La canzone “Era già tutto previsto” di Cocciante è imprescindibile dalle immagini di Parthenope. Perché proprio questo brano e come arrivi alla sublimazione in musica per i tuoi film?
Forse, dato che sono canzoni che ascolto mentre scrivo il film, il film si veste di quell'emozione.
Per “La grande bellezza” ascoltavi “A far l'amore comincia tu” remixata da Bob Sinclar?
Continuamente, sì, sempre.
A proposito di musiche e di scossoni emotivi, c'è la scena che ormai è il meme preferito di tutti gli insicuri d'Italia: ti si vede entrare in sala a Cannes sulle note di “Live is life” (anche qui l'omaggio dei fan a Maradona era d'obbligo) con passo felpato e un'apparente o reale sicumera. Ci racconti la verità di quel momento?
Io ero solo contento di tornare a Cannes dopo tanti anni. Dato che raramente mi si vede contento, hanno pensato: “Oh, guarda che roba”. Ma ero anche molto impaurito. Poi là, nelle prime file, c'erano persone che conosco, amici, ero contento di vederli, visto che erano venuti per me.
Fenomeni social che derivano anche dall'amore di tantissimi giovani, cinefili e aspiranti cineasti, che affollano i tuoi eventi. Qual è la tua comunicazione con i ragazzi?
La mia relazione coi giovani che mi seguono è qualcosa di molto eccitante. Non è che faccia chissà che per ingraziarmeli. Avendo un ricordo molto vivo di quello che è stato il dolore della gioventù, forse pensano che io sia uno di loro perché mi sentono capace di raccontarlo.
La loro ammirazione, ovvero questa aspirazione anche alla tua arte, come la vivi?
Bene, ne sono felice.
Ti senti una guida sotto questo punto di vista?
Io? No, non mi sento una guida di niente, non riesco a guidare me stesso, figurati i ragazzi di vent’anni. Però sono contento che ci sia.
Da Fazio hai dichiarato di aver fatto anche dei film politici che poi si sono rivelati degli azzardi. Parlavi per caso di “Loro”, il film sulla vita di Silvio Berlusconi, e della mancata distribuzione in tv e piattaforma?

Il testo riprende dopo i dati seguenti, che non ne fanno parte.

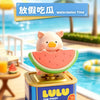 Lulu the Piggy light-sensing movable figurine in a watermelon slice design sitting on a decorative box.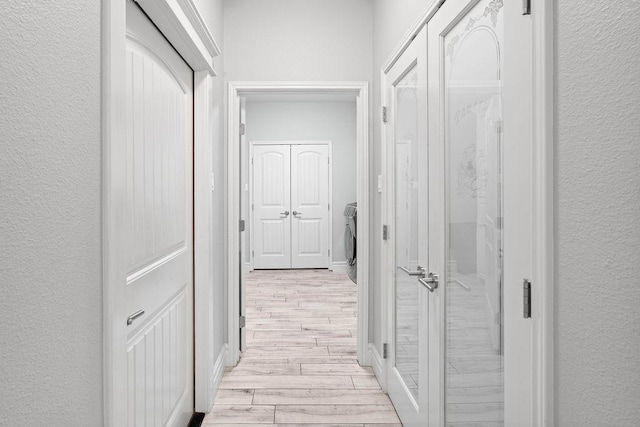 3726 Amanda Ln, Robstown, TX 78380 - hall with light wood-type flooring, a textured wall, and washer / dryer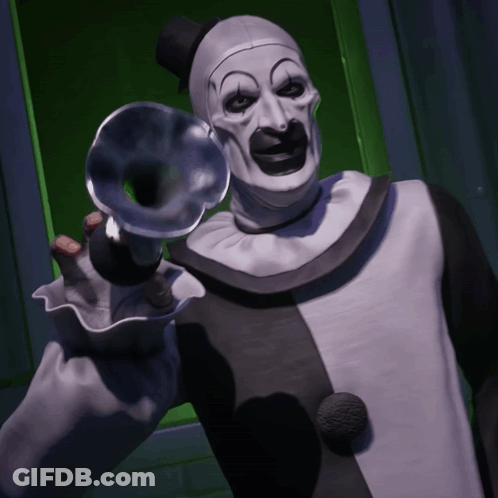 Clown Holding Trumpet In Front Of Green Door GIF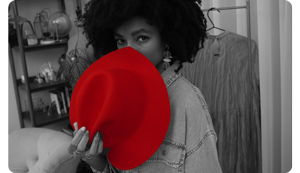 black and white photo with selective colour of a woman in front of her closet with a bright red hat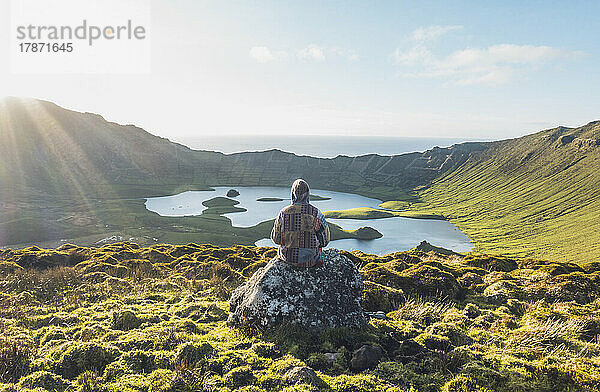 Young woman sitting on rock at Corvo Island  Azores  Portugal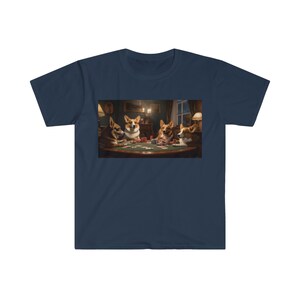May include: Navy blue t-shirt featuring a humorous image of four corgi dogs playing poker around a table. The dogs are depicted in a room with a warm, inviting atmosphere, complete with a poker table, cards, and chips.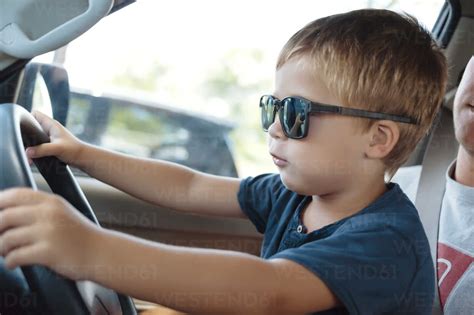 Little boy driving car stock photo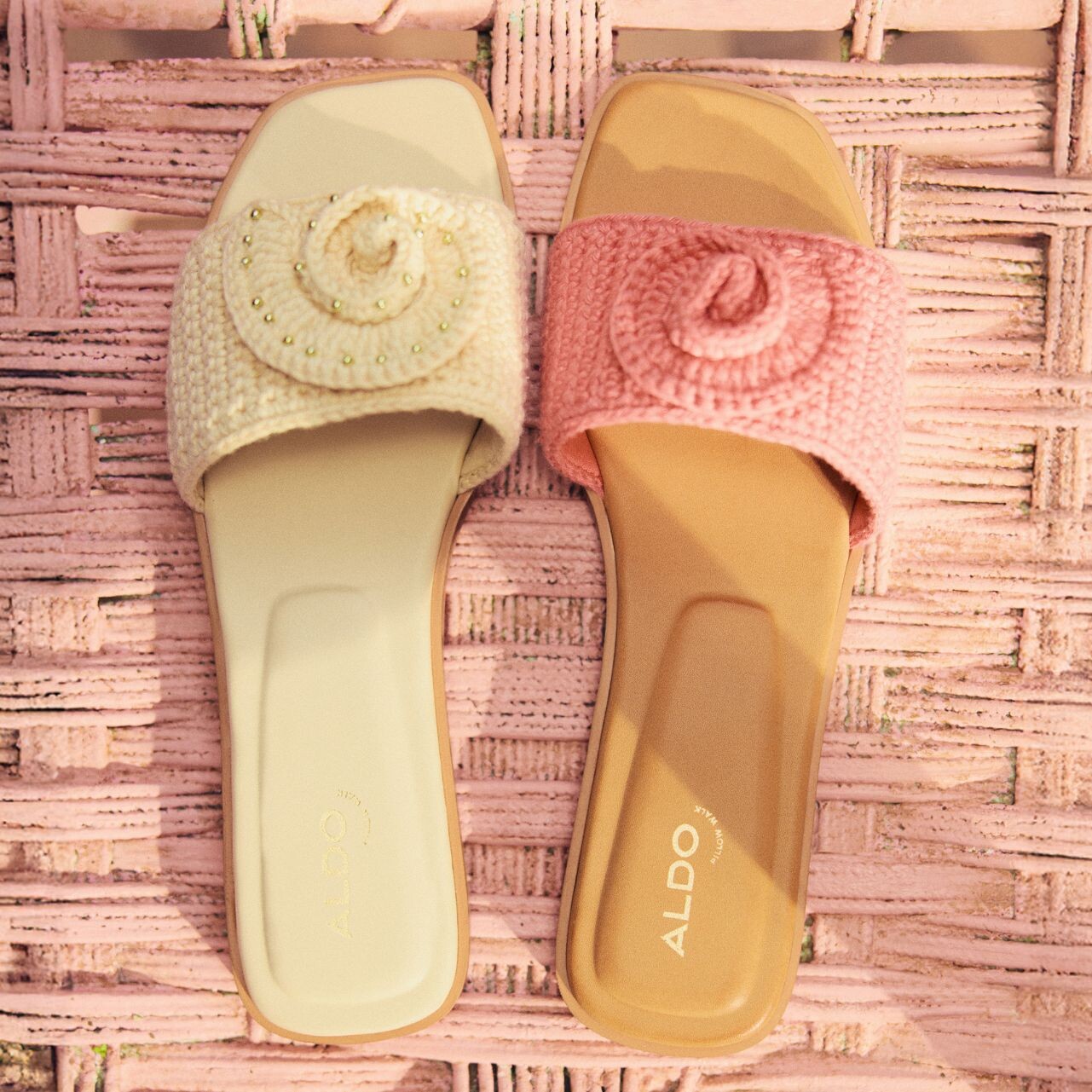 Sandalias planas de varios colores con detalles de crochet, apoyadas en una cesta rosa.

Nella mia esperienza, ne ho fatti due (Il Divo e Loro, ndr), i film che hanno a che fare con i politici sono più rischiosi. I politici capiscono perfettamente che il cinema è un'arte popolare e può avere improvvisamente una grande diffusione anche all'estero, dove è più difficile manipolare l'immagine che danno, come fanno nel loro Paese. Per questo motivo, destano grande attenzione, allarme e preoccupazione nei politici stessi e in tutto il mondo che gira intorno ai politici. Da qui, la concreta possibilità di fastidi e pressioni.
Ma tu hai avvertito un approccio censorio a questo film o no?
Da parte di chi?
Della distribuzione, televisiva e di piattaforma (Medusa, ndr)

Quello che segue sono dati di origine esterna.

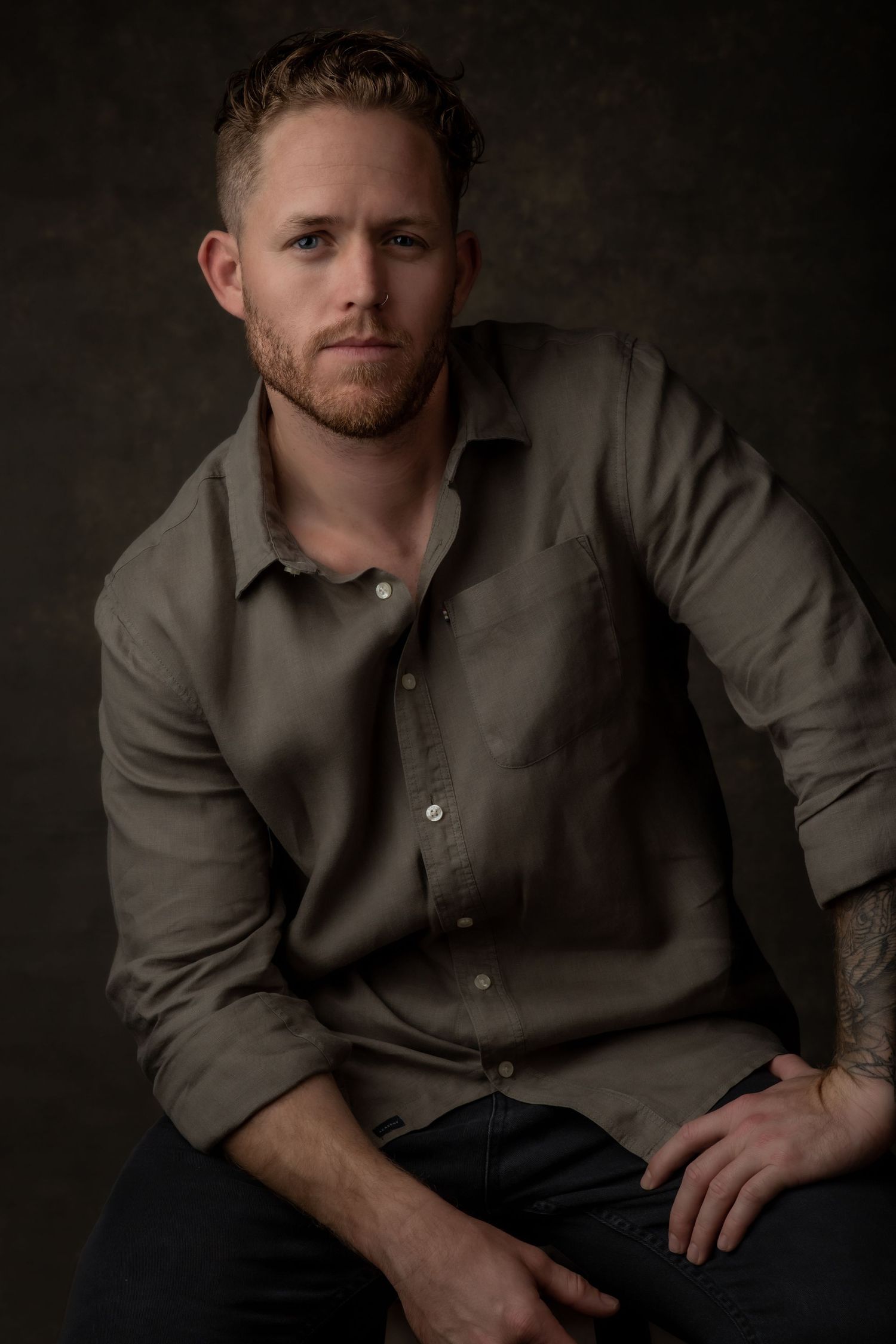 A professional portrait of a man sitting in a dark studio, dressed casually in a button-up shirt, gazing confidently into the camera.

Non l’hanno distribuito sulle piattaforme o in televisione. Non lo so se è censorio… semplicemente, sì, lo hanno censurato. Non lo hanno fatto vedere.
Sia in “È stata la mano di Dio” che in Parthenope indaghi molto il concetto di libertà, seppur da angolazioni differenti. Oggi, rispetto al tuo primo film, “L’uomo in più”, senti di avere acquisito abbastanza libertà per fare film che vuoi o soffri ancora di ansia da prestazione?
No, non ho più l'ansia da prestazione, francamente. Però è anche vero che ogni lavoro che fai, dato che poi ti occuperà uno o due anni della tua vita, che non sono pochi, ti fa porre delle domande, ti genera dei dubbi e delle ansie. Se dovevo dimostrare qualcosa, l'ho dimostrato, adesso non mi resta altro che fare quello che mi diverte fare.
Visto il considerevole numero di volte che te lo senti dire, vorrei chiederti come ti misuri con l'appellativo “Maestro”?
Lo trovo del tutto incongruo. Alle volte lo dico, lasciate stare…Non è che me ne importi molto, non ci credo. Maestro presuppone che c’è da insegnare qualcosa e penso di non avere nulla da insegnare. D'altronde sono autodidatta nel cinema, studiavo economia, non mi sono laureato, cioè proprio non ho nessun tipo di percorso di studi che preveda che io poi diventi maestro di qualcosa.